■ WORK ITEM:
Using the line that contains "New 2026 RAM" as the start, restate each line word for word through the final line of the material below, and return only those.

[Opening MATERIAL PROVIDED section]

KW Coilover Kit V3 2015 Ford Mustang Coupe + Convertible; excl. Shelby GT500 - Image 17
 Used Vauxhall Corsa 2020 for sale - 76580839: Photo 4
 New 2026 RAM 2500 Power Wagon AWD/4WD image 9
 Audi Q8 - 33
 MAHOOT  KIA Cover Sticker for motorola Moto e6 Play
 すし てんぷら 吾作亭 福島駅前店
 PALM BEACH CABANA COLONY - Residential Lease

[Closing MATERIAL PROVIDED section]

■ RESPONSE:
 New 2026 RAM 2500 Power Wagon AWD/4WD image 9
 Audi Q8 - 33
 MAHOOT  KIA Cover Sticker for motorola Moto e6 Play
 すし てんぷら 吾作亭 福島駅前店
 PALM BEACH CABANA COLONY - Residential Lease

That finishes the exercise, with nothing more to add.